In the prayer service, we will begin singing the hymn, “The Son of God Goes Forth to War” (Red 282). The lesson will come from a portion of Psalm 119.
This Lord’s Day, I preach the Sixth Commandment, You shall not murder. While few of us are literal murderers, this commandment still is important to hear. It speaks powerfully to a culture and country obsessed with death. The sixth commandment reminds us that all men are made in the image of God. God wants his high moral standard proclaimed and upheld. But the sixth commandment goes further than murder itself. In the Sermon on the Mount (Mt 5), Jesus taught the true meaning of You shall not murder. The results are not pleasant for any mortal to consider; it condemns us all. For this reason, the sermon will also consider a very important question: Does God forgive murderers? I hope you’ll join us for worship this Sunday.
Call to Worship: Psalm 69:30-32
Hymn 345 [Red] Come, Thou Almighty King
Congregational Reading: Psalm 10:1-4, 8, 11-12, 16-18
Doxology: Diademata, Red 293
Hymn 8 [Red] Chide Me, O LORD, No Longer
Hymn 62 [Gray] Rejoice, Ye Pure in Heart
Scripture Reading: Exodus 38:1-20 & Revelation 7
Hymn 327 [Red] The Church’s One Foundation I deliberately chose this hymn for this Lord’s Day where we consider the sin of murder. For it is not simply something to consider as God’s moral standard, but we are reminded that we ourselves live in a world where the church of Jesus Christ is under threat of violence and murder. John says in 1 John 3:13, Do not be surprised, brothers, that the world hates you.
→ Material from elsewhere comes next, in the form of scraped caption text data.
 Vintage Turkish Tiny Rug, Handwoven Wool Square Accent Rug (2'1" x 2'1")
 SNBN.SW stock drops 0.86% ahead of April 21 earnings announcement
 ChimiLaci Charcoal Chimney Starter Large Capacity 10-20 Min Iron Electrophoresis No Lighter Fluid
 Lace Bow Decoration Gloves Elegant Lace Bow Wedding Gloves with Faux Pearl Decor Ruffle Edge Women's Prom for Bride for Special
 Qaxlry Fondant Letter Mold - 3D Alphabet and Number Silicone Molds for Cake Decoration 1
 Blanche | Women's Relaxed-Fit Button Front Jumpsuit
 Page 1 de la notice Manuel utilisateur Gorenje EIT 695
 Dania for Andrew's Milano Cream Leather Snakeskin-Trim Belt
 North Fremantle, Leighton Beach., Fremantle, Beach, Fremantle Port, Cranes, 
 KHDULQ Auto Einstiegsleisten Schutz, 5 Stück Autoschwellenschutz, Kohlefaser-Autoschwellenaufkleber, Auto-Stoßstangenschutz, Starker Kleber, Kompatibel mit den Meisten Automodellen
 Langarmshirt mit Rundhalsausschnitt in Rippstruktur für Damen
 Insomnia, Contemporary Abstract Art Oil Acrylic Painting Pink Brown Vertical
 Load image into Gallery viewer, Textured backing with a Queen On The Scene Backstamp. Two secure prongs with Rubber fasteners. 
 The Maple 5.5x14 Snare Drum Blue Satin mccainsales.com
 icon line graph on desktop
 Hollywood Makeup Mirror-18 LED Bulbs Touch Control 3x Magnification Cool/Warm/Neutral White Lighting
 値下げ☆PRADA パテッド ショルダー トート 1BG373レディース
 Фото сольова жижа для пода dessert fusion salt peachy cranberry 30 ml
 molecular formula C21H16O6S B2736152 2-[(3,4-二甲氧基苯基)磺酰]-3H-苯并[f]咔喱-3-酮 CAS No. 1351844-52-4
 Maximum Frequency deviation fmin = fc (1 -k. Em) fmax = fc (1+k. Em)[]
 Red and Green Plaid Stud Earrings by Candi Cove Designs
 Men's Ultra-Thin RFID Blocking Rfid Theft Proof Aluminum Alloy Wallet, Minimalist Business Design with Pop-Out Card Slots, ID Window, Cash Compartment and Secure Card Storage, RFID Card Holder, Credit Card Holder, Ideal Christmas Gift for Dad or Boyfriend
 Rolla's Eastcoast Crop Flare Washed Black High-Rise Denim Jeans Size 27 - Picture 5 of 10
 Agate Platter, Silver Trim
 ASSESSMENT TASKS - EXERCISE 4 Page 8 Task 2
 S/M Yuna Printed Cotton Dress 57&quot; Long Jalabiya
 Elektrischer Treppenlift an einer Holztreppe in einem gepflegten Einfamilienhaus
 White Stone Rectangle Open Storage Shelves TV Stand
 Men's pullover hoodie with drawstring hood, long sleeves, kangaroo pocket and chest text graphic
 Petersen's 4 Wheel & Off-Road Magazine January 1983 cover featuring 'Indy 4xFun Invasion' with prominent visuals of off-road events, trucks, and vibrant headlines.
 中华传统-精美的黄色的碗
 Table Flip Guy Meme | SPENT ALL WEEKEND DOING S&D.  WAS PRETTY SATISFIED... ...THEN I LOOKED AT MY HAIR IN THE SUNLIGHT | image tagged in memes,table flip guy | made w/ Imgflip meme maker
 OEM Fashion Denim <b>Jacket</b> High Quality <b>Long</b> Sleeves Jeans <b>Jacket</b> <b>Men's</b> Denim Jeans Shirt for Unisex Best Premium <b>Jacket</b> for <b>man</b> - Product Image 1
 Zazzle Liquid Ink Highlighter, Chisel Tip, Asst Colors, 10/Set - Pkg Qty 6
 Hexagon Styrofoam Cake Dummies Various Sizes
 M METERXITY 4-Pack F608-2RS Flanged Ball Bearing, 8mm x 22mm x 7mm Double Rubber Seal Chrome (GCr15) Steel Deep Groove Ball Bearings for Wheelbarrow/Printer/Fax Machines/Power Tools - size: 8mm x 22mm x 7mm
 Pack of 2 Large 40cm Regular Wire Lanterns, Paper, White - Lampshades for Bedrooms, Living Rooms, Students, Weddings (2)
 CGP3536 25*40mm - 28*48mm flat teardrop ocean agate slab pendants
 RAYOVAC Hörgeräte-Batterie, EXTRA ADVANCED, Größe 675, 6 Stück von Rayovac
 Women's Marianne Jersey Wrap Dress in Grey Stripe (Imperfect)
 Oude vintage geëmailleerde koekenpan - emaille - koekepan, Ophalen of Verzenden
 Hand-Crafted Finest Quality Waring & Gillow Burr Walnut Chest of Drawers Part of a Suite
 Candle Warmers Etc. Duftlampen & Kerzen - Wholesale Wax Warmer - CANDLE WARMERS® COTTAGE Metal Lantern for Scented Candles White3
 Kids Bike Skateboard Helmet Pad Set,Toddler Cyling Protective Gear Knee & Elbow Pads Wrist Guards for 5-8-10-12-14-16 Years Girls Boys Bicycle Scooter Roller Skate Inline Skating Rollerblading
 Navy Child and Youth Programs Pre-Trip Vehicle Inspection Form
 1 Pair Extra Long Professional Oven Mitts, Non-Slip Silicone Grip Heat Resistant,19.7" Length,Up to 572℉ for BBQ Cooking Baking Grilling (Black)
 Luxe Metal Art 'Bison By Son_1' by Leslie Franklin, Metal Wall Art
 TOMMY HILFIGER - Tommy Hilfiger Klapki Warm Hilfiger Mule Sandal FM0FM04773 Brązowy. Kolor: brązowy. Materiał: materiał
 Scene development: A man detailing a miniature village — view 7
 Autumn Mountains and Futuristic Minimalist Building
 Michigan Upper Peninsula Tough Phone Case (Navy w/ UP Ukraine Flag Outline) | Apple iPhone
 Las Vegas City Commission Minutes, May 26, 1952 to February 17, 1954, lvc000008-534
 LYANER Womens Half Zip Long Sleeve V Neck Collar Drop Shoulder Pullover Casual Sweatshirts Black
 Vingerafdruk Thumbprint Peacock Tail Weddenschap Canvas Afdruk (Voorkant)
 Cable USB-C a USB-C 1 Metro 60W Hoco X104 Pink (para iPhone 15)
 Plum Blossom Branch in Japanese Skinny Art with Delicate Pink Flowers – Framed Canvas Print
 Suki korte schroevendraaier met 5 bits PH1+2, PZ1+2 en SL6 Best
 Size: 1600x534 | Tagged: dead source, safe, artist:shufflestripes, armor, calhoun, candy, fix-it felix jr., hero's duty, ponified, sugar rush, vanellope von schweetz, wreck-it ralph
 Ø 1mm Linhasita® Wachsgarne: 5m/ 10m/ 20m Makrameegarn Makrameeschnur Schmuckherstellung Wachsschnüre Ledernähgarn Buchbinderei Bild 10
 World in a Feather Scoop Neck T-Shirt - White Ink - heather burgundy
This hymn reminds us that, though we ourselves can be the objects of men’s hatred and violence, the Church of Jesus Christ will be ever preserved until the Lord returns. The church shall never perish! Her dear Lord to defend, to guide, sustain, and cherish, is with her to the end: though there be those who hate her, and false sons in her pale, against or foe or traitor she ever will prevail.
Sermon: Murder, or Whatever Tends To It from Exodus 20:12
Hymn 84 [Gray] Rock of Ages
For Sunday School, I am extending my series on Revelation 19–20 and the Millennium one additional Lord’s Day.